While City Council wrangled over short-term rentals and the future of the city, I sat with the crowd in an overflow room. Here’s what I witnessed
Above: City Hall under renovation, file photo by Bill Rhodes.
The Aug. 25 Asheville City Council meeting saw a big fight over short-term rentals and their impact. Blade contributor Joy Chin, who’s written an in-depth analysis and opinion piece on the issue in our city, also attended. While I was covering the meeting from Council chambers, she was in an overflow room witnessing the audience’s reactions. Here’s her personal take on what happened. — David Forbes
For those who are unfamiliar, Asheville City Council meetings are fairly unique. Asheville is an opinionated and participatory city. People actually show up to Council meetings to make sure their voice is heard.

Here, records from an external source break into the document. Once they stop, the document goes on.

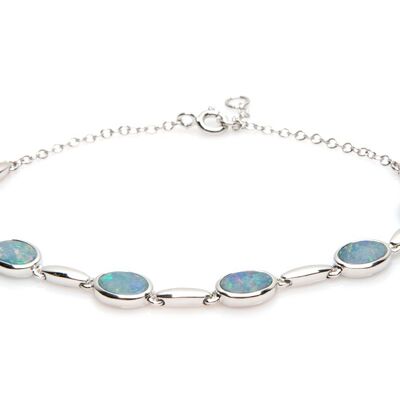 AUSTRALIAN OPAL DOUBLELET BRACELET IN SILVER ref: 03698BO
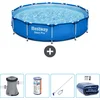 Image de Bestway Rond Steel Pro Zwembad - 366 x 76 cm - Blauw - Inclusief Pomp Filter - Schoonmaakset - Solarzeil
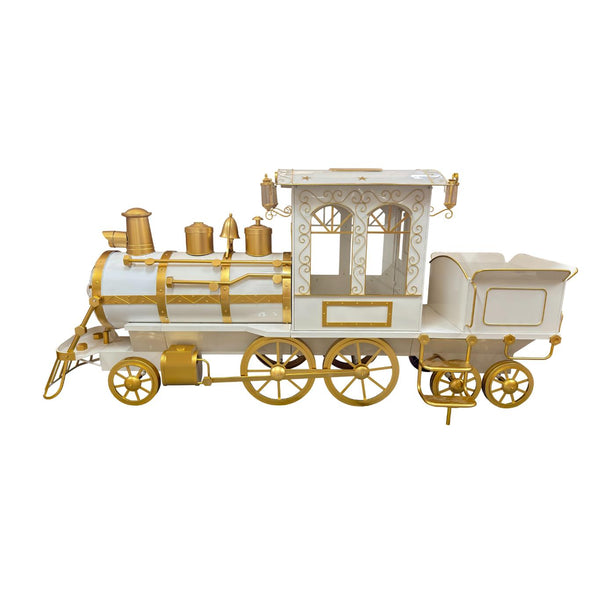 12.5ft. Large White & Gold Iron Train with Cart "The North Pole Express"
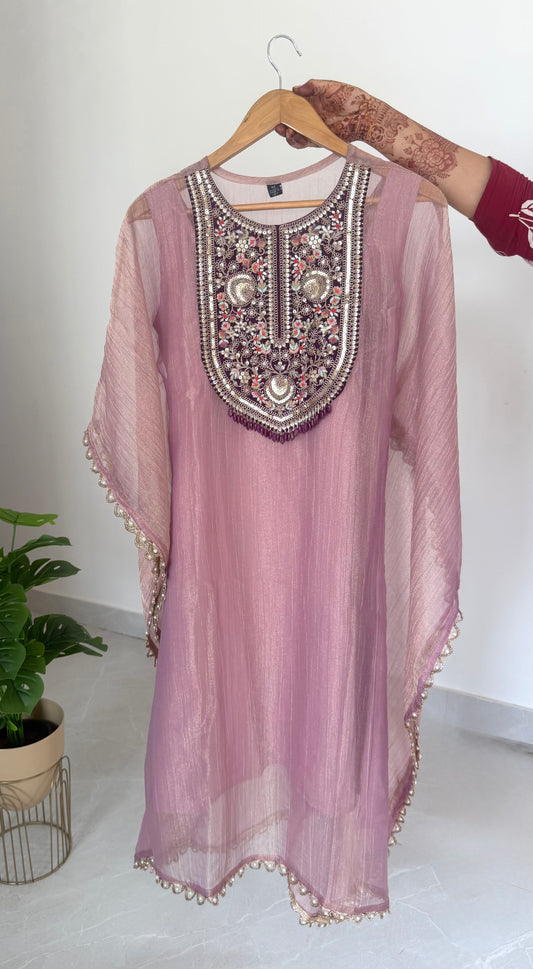 K583 - Crush tissue silk handwork kaftan with pants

There are people who regularly attend to provide input on policy matters that ranges from the brilliant to the inane; there are also people who only show up when a particular issue hits home.
But how people behave depends a great deal on where they end up during these meetings. During particularly contentious meetings when there’s too many people to fit into Council chambers on City Hall’s second floor, the public is herded down to the first floor into a room with large monitors to watch proceedings live. In extreme cases, when that room’s full too, they’re also directed to the sixth floor.
This past week’s meeting was about Airbnb-style short-term rentals, which if you haven’t heard, are just a bit controversial here. People were spread all over the building: the second floor, the first floor, the sixth and whatever hallways they found themselves in.
With over 60 strongly opinionated people signed up to speak, this made for a chaotic situation, as people were unfamiliar with the building, unfamiliar with expected codes of behavior, unfamiliar with the particular rhythms of the meetings, and unfamiliar with the big picture and wonkish aspects of a brutally complicated, incredibly controversial issue that Council is forced to consider.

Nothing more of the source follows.